Work from Home & Productivity: Evidence from Personnel & Analytics Data on IT Professionals
The Covid-19 pandemic forced a dramatic rush to work from home (WFH) in early 2020. Even if only a fraction of this global shift became permanent, it would have implications for urban design, infrastructure development, and reallocation of investment from inner cities to residential areas. Of course, it would also have significant implications for how businesses organize and manage their workforces.
There is significant debate about the effectiveness of WFH, including how much further we can improve implementation, and the extent to which firms will continue the practice. Initial experiences led to optimism, but many firms are starting to question the sustainability of extensive WFH. One of the most important questions in this context is how WFH affects productivity.
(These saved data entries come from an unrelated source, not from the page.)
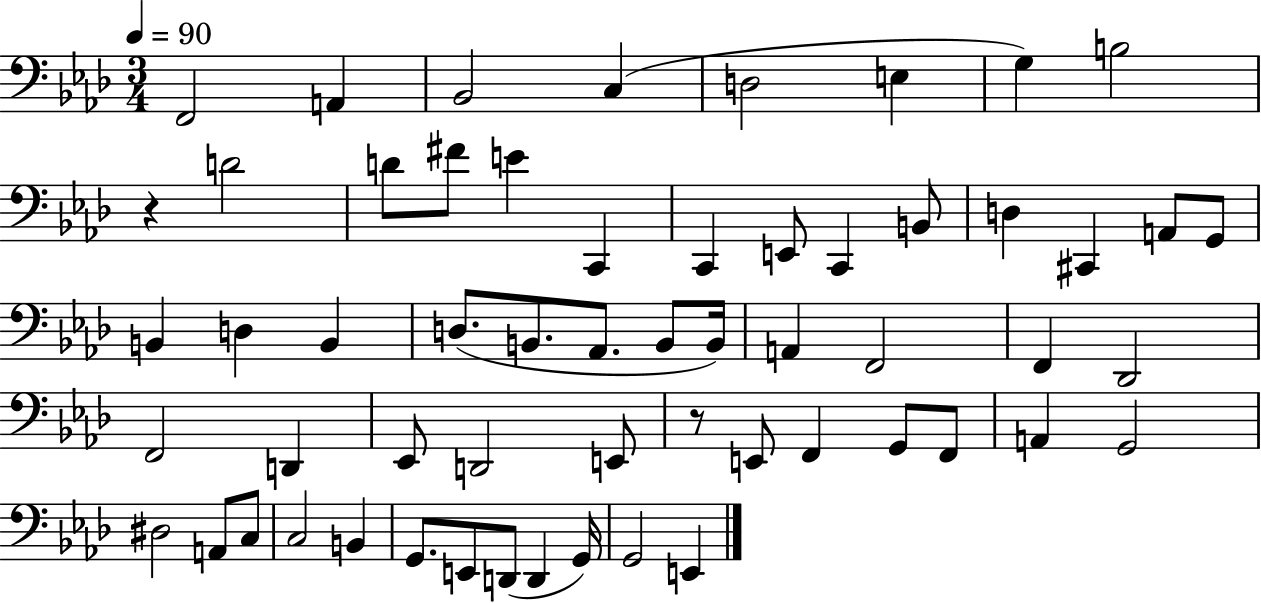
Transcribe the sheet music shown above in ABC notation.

X:1
T:Untitled
M:3/4
L:1/4
K:Ab
F,,2 A,, _B,,2 C, D,2 E, G, B,2 z D2 D/2 ^F/2 E C,, C,, E,,/2 C,, B,,/2 D, ^C,, A,,/2 G,,/2 B,, D, B,, D,/2 B,,/2 _A,,/2 B,,/2 B,,/4 A,, F,,2 F,, _D,,2 F,,2 D,, _E,,/2 D,,2 E,,/2 z/2 E,,/2 F,, G,,/2 F,,/2 A,, G,,2 ^D,2 A,,/2 C,/2 C,2 B,, G,,/2 E,,/2 D,,/2 D,, G,,/4 G,,2 E,,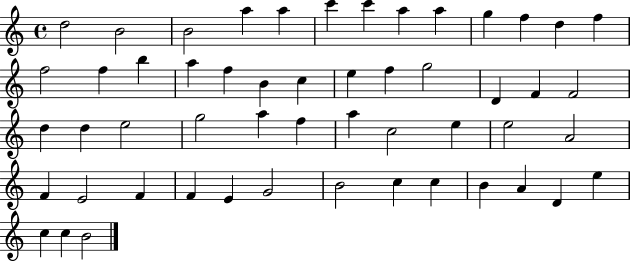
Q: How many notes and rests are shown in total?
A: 53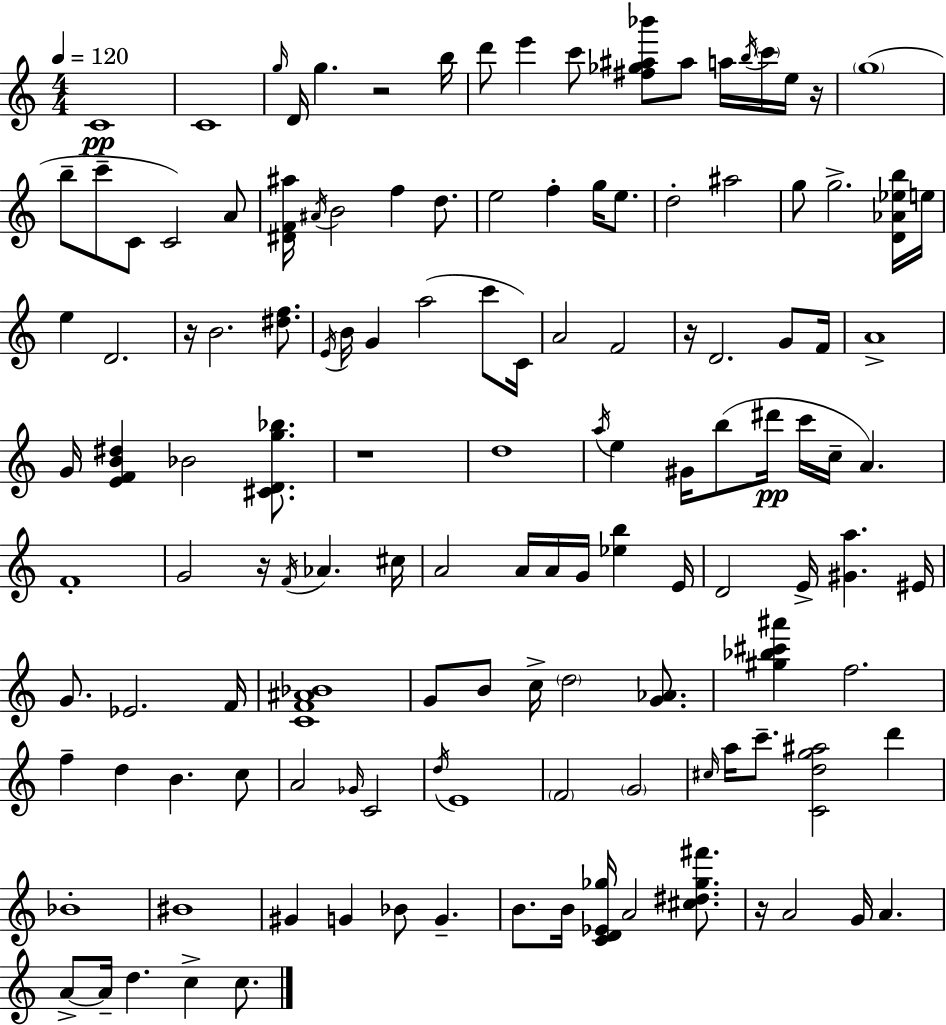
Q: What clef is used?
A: treble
This paper provides an analysis of the effects of the switch to WFH in a large Asian IT services company that abruptly switched all employees to WFH in March 2020. This study has several novel features, including a rich dataset for a sample of more than 10,000 employees for 17 months before and during WFH. The data include information on productivity, hours worked and how that time was allocated, and the employee’s contacts with colleagues inside and outside the firm. In addition, it includes an estimate of the employee’s commute time when they had worked at the office, and how many children (if any) they have at home.
The key measures are based on relatively objective measures of work time and the employee’s output, which were collected from the firm’s workforce analytics systems. The company has a highly developed process for setting goals and tracking progress, culminating in a primary output measure for each employee. The data also include information on hours worked, the authors’ primary input measure. Productivity is measured as output divided by hours worked. Most prior studies of WFH were based on survey data, so this is an unusual opportunity to study employee performance using the measures that the firm employs.
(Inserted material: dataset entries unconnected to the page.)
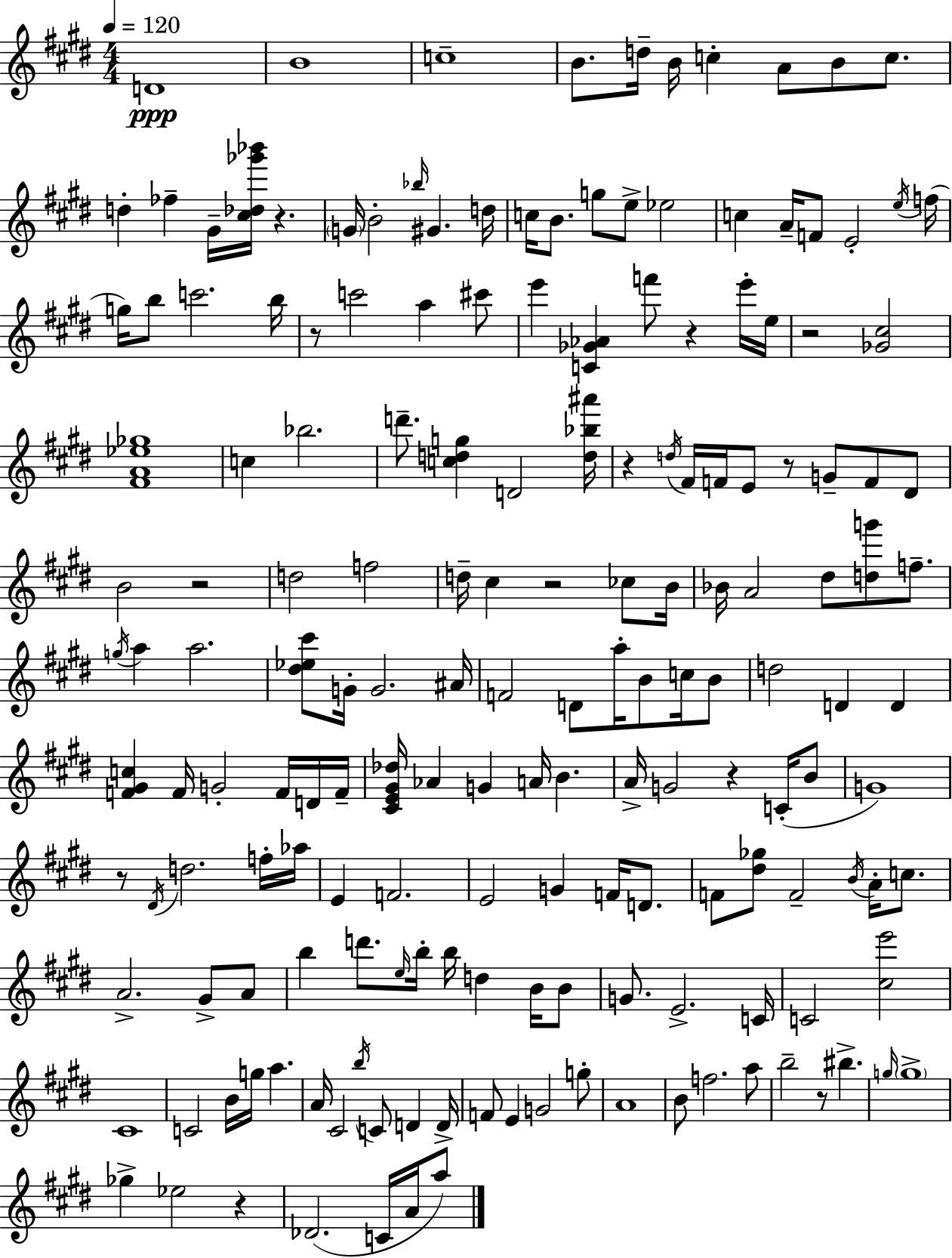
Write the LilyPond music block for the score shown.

{
  \clef treble
  \numericTimeSignature
  \time 4/4
  \key e \major
  \tempo 4 = 120
  d'1\ppp | b'1 | c''1-- | b'8. d''16-- b'16 c''4-. a'8 b'8 c''8. | \break d''4-. fes''4-- gis'16-- <cis'' des'' ges''' bes'''>16 r4. | \parenthesize g'16 b'2-. \grace { bes''16 } gis'4. | d''16 c''16 b'8. g''8 e''8-> ees''2 | c''4 a'16-- f'8 e'2-. | \break \acciaccatura { e''16 }( f''16 g''16) b''8 c'''2. | b''16 r8 c'''2 a''4 | cis'''8 e'''4 <c' ges' aes'>4 f'''8 r4 | e'''16-. e''16 r2 <ges' cis''>2 | \break <fis' a' ees'' ges''>1 | c''4 bes''2. | d'''8.-- <c'' d'' g''>4 d'2 | <d'' bes'' ais'''>16 r4 \acciaccatura { d''16 } fis'16 f'16 e'8 r8 g'8-- f'8 | \break dis'8 b'2 r2 | d''2 f''2 | d''16-- cis''4 r2 | ces''8 b'16 bes'16 a'2 dis''8 <d'' g'''>8 | \break f''8.-- \acciaccatura { g''16 } a''4 a''2. | <dis'' ees'' cis'''>8 g'16-. g'2. | ais'16 f'2 d'8 a''16-. b'8 | c''16 b'8 d''2 d'4 | \break d'4 <f' gis' c''>4 f'16 g'2-. | f'16 d'16 f'16-- <cis' e' gis' des''>16 aes'4 g'4 a'16 b'4. | a'16-> g'2 r4 | c'16-.( b'8 g'1) | \break r8 \acciaccatura { dis'16 } d''2. | f''16-. aes''16 e'4 f'2. | e'2 g'4 | f'16 d'8. f'8 <dis'' ges''>8 f'2-- | \break \acciaccatura { b'16 } a'16-. c''8. a'2.-> | gis'8-> a'8 b''4 d'''8. \grace { e''16 } b''16-. b''16 | d''4 b'16 b'8 g'8. e'2.-> | c'16 c'2 <cis'' e'''>2 | \break cis'1 | c'2 b'16 | g''16 a''4. a'16 cis'2 | \acciaccatura { b''16 } c'8 d'4 d'16-> f'8 e'4 g'2 | \break g''8-. a'1 | b'8 f''2. | a''8 b''2-- | r8 bis''4.-> \grace { g''16 } \parenthesize g''1-> | \break ges''4-> ees''2 | r4 des'2.( | c'16 a'16 a''8) \bar "|."
}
These data also include (for a subset of employees) time allocation for various activities, including meetings, collaboration, and time focused on performing work without distractions. It also includes information on networking activities (contacts) with colleagues inside and outside the firm, as well as various employee characteristics.
Of note, most employees at this company are highly skilled professionals in an IT company where nearly all are college educated. The jobs involve significant cognitive work, developing new software or hardware applications or solutions, collaborating with teams of professionals, working with clients, and engaging in innovation and continuous improvement. These job characteristics may present significant challenges to effective WFH. By contrast, previous studies of WFH productivity either used self-reported measures of productivity or focused on occupations where workers have relatively simple and repetitive tasks, often follow scripts, and work independently, such as call center workers.
Finally, the data allowed them to compare outcomes for the same employee before and during WFH. The authors find the following:
- Employees significantly increased total hours worked, by about 30%, during WFH. Much of this increase came from working outside of normal office hours.
- Despite the disruption due to the pandemic and shift to WFH, there was no significant change in measured output (the primary evaluation metric for each employee). In other words, employees continued to meet their goals, which were not changed after the switch to WFH.
- Given their results on work time and output, the authors estimate that productivity declined considerably, about 20%. These results are consistent with employees becoming less productive during WFH and working longer hours to compensate.
Why did productivity decline? The authors find that employees spent more time engaged in various types of formal and informal meetings during WFH, especially video conferences. Likewise, they spent substantially less time working without interruption. They also spent less time networking (both within the firm and with clients), and less time receiving coaching or 1:1 meetings with supervisors. These findings suggest that increased coordination costs during WFH at least partially explain the drop in productivity.
The authors also found that the productivity of women was more negatively affected by WFH than men. However, this gender difference was not due to the presence of children in the home. Rather, the likely culprit is other demands placed on women in the domestic setting. Employees with children at home increased working hours significantly more than those who did not have children at home, accounting for a greater decrease in productivity.
Among other considerations, these and other findings suggest that communication, coordination, and collaboration are hampered under WFH, and employers should not underestimate the value of networking and uninterrupted work time on employee productivity.